Timing matters too. Bowling recommends checking an artist’s CV for consistent output and recognition. “Have they been working every year?” she asked. “Or has this person not done anything since 2012?” Levin suggests waiting and watching an artist mature for a few years before buying something, to see if the work continues to evolve. “It’s better to spend the $25,000 when you are a little more comfortable with the market variables than taking the chance at $10,000,” he said.

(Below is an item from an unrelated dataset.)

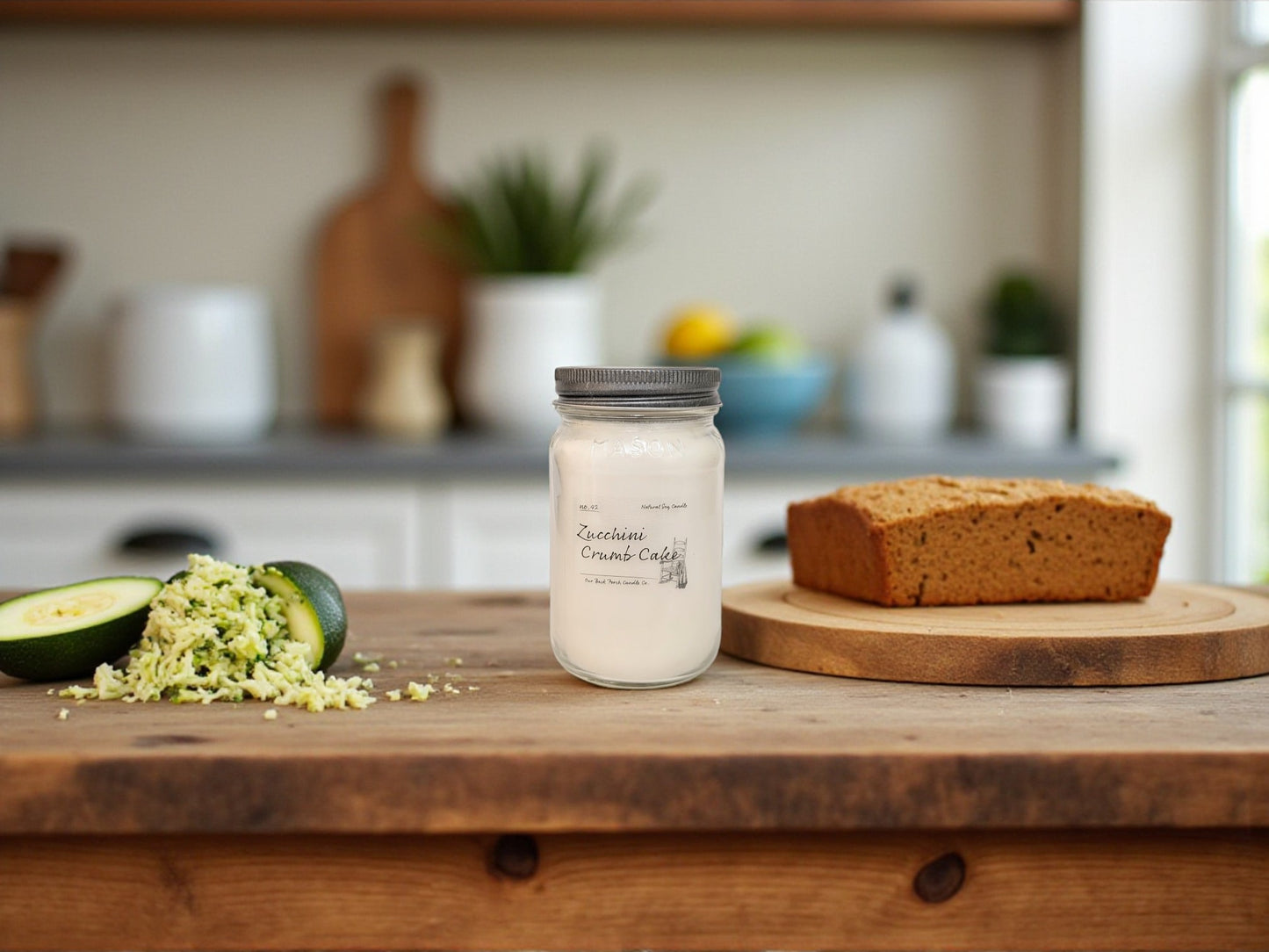 Zucchini Crumb Cake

Another factor to consider is where the art gets sold. Galleries price works according to the size of the work, the success of the most recent show, and any other relevant career-related variables, such as a recent institutional show or a nomination for an award, said Bowling, who spent seven years at Andrea Rosen Gallery before joining Phillips. In addition, galleries try to keep the prices for their artists on a steady upward trajectory, rather than riding the highs and lows of the broader art market as auction prices more often do. By contrast, auction estimates usually account for buyers’ tastes and appetites, as well as where the art market is in its cycle. “I have to think about many people it will appeal to, how many bidders, how that competition is going to drive up the price, and base my estimate range on that,” she said.
While Bowling describes herself as “the biggest proponent of the gallery system,” she said the straightforward nature of auction pricing can be a great entry point for new collectors. “I think there’s something appealing about the auction environment,” she said. “Here’s the estimate range, we have an auction, and people bid against each other. That’s how the price is achieved.”

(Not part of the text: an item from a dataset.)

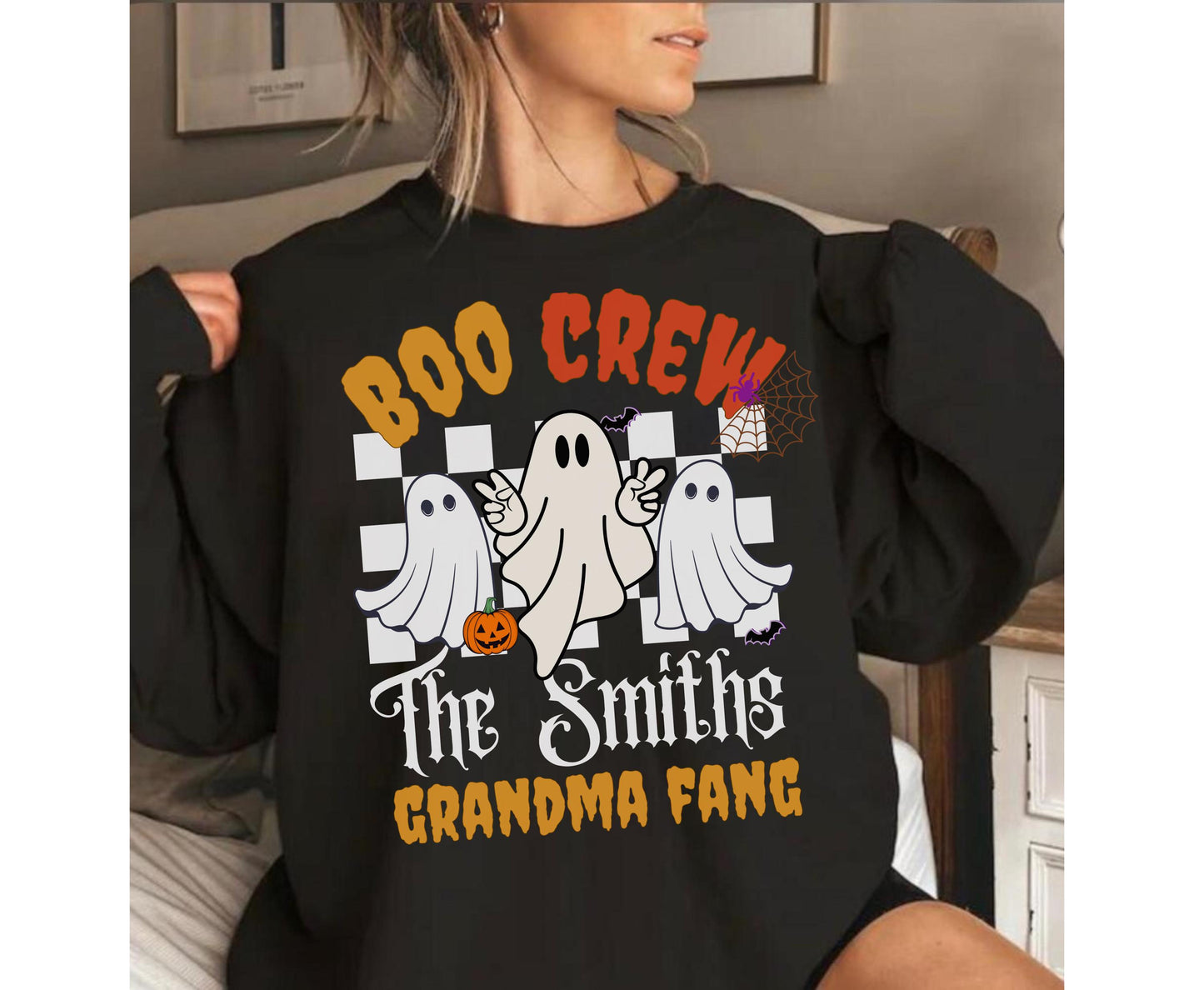 Custom Family Matching Halloween Shirt for men women boy girl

Bowling, Campbell, and Levin all stressed one thing: Collectors shouldn’t treat art like a financial investment. (That’s even, and perhaps especially, the case for those who work in financial services, who often cite headlines of multi-million-dollar prices achieved at auction.) Since most art works do not increase in value, Bowling suggests finding a risk threshold, and buying within those limits. For one collector, that might be $3,000, or, for another, $3 million. “Find that threshold you’re comfortable with losing or gambling on,” she advised, “and if you go beyond that level, do more research.”
Levin goes further. He recommends assuming the price for a work by a new artist will go to zero after, say, five years, much as a dining set would lose most of its value over a similar time frame. If that work cost $5,000, or $1,000 a year, it works out to a cost of roughly $3 a day. “Is the piece going to give you $3 of pleasure a day?” he asks. If it does, “then it’s worth what you paid for it.” And that, he said, is the point of buying art.
“If you want to buy stocks,” Levin said, “you can just hang bags of money on the wall.”